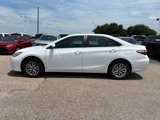 Used 2017 Toyota Camry LE image 5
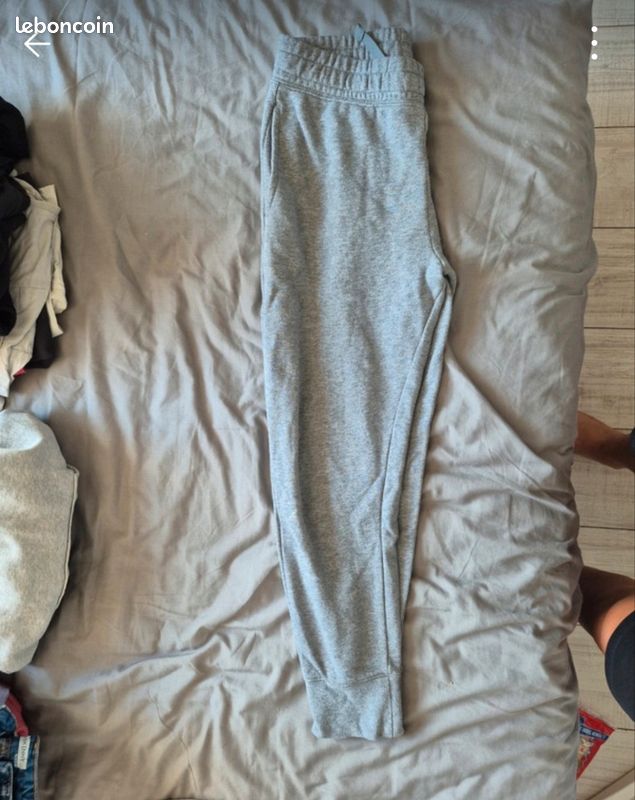 Survet gris nike (image 4)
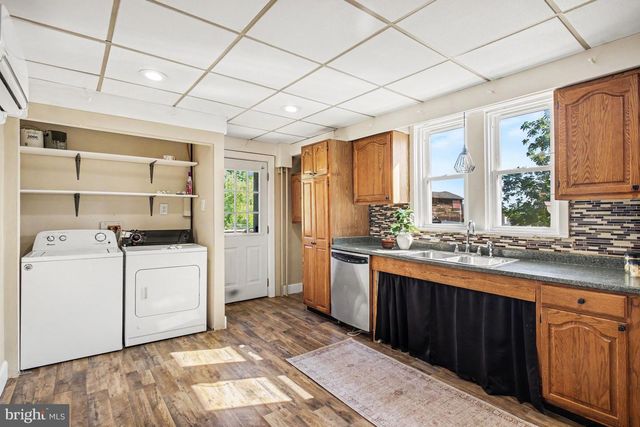 503 E MARKET STREET, Hellam, PA 17406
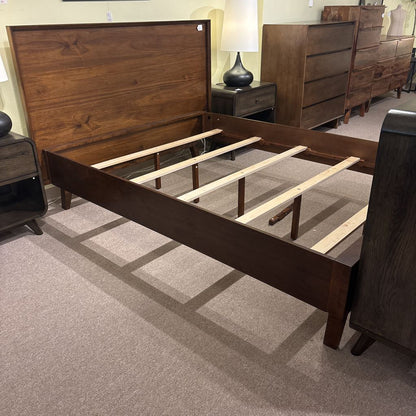 Burdell Queen Bed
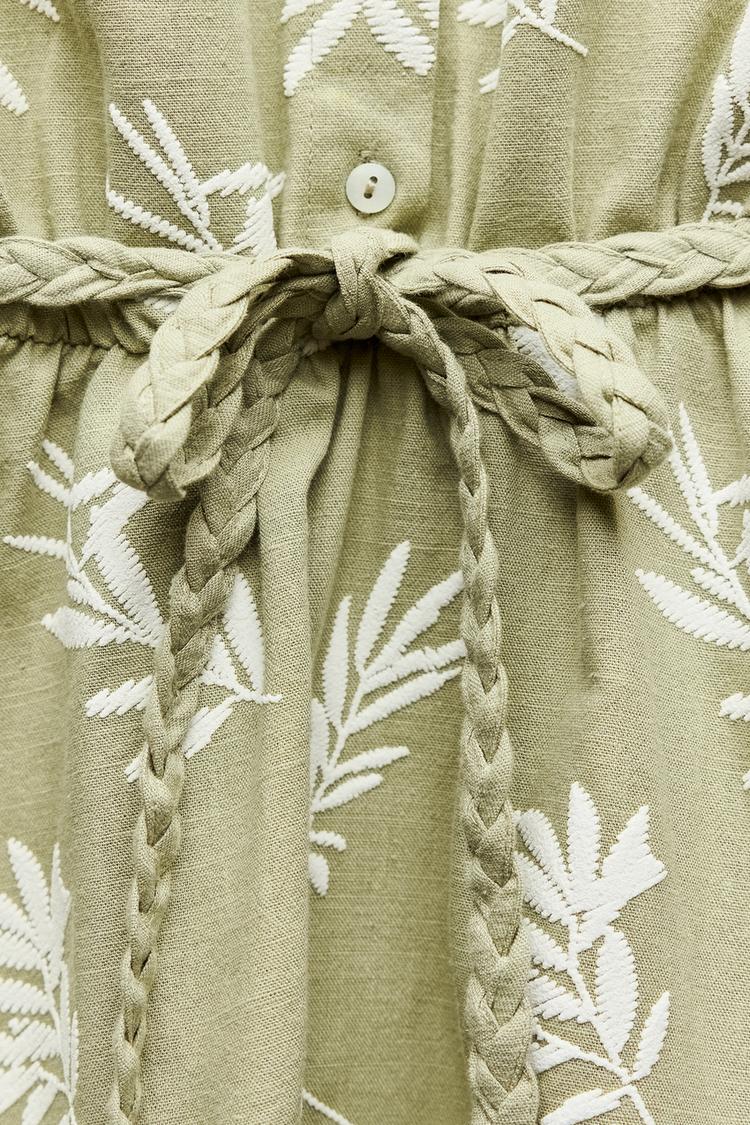 Robe courte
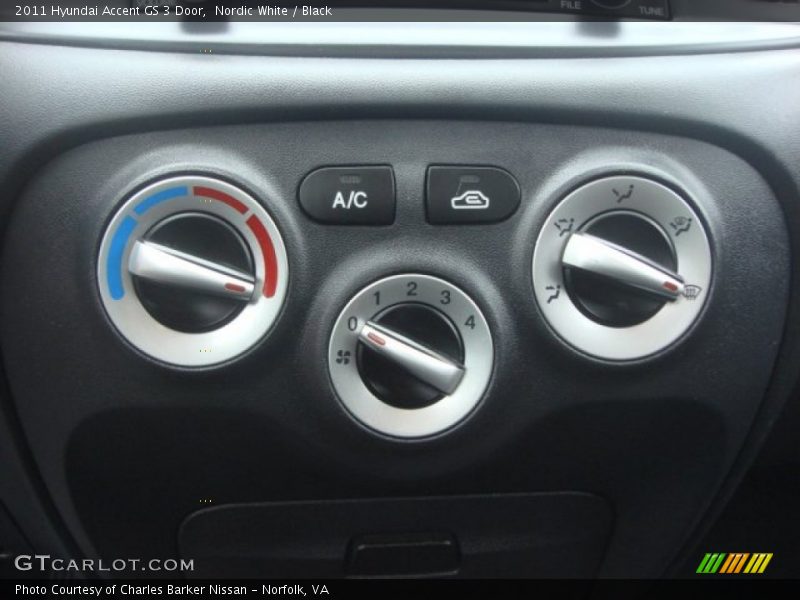 Nordic White / Black 2011 Hyundai Accent GS 3 Door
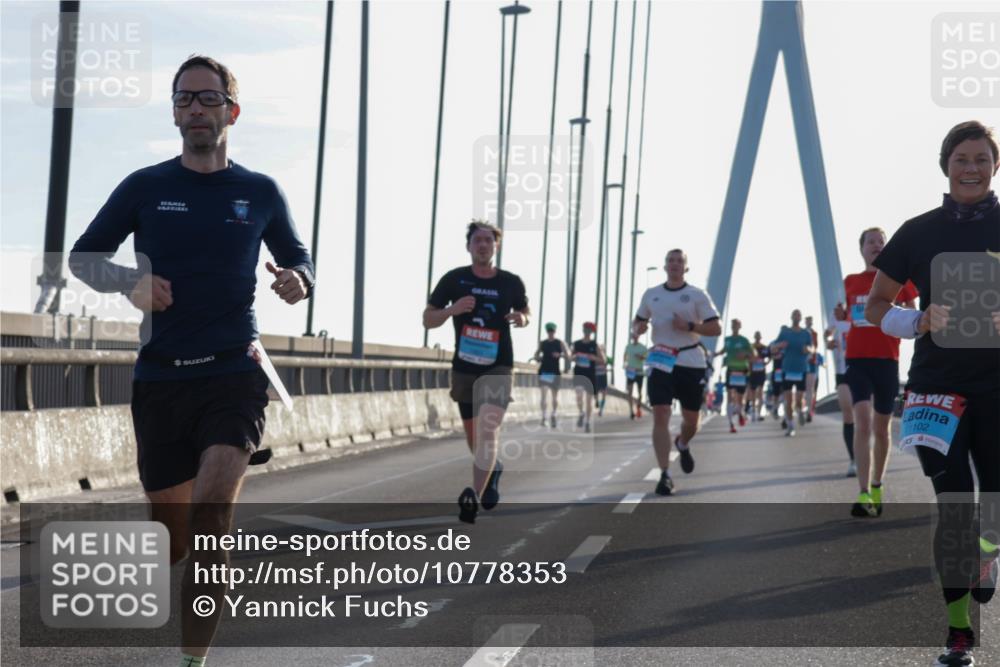 03.10.2026 - Köhlbrandbrückenlauf Yannick Fuchs http://msf.ph/oto/10778353 03.10.2026 09:23:02 Position 1 93, 102 meine-sportfotos.de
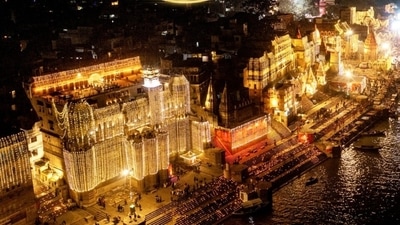 Dev Deepawali is celebrated annually in the holy city of Varanasi with much pomp. (Twitter/@DharmarthKarya) Dev Deepawali is celebrated annually in the holy city of Varanasi with much pomp. (Twitter/@DharmarthKarya)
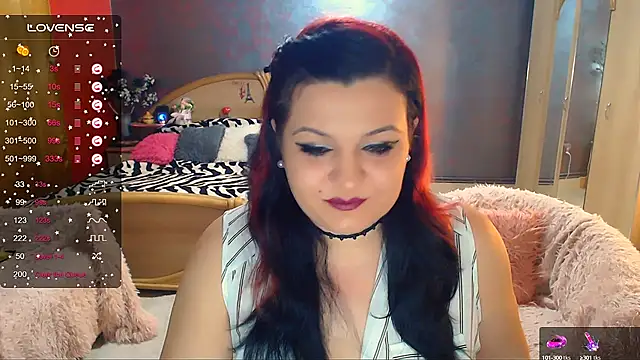 Snapshot of Ariellefoxy chatting on January 13, 9:09 pm Ariellefoxy online show from January 13, 9:09 pm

What is being asked: Restate, exactly as they appear, the line with "pomp. (Twitter/@DharmarthKarya) Dev" and all the lines after it up to the end of the data above; images do not belong in the copy.

Reply:
 Dev Deepawali is celebrated annually in the holy city of Varanasi with much pomp. (Twitter/@DharmarthKarya) Dev Deepawali is celebrated annually in the holy city of Varanasi with much pomp. (Twitter/@DharmarthKarya)
 Snapshot of Ariellefoxy chatting on January 13, 9:09 pm Ariellefoxy online show from January 13, 9:09 pm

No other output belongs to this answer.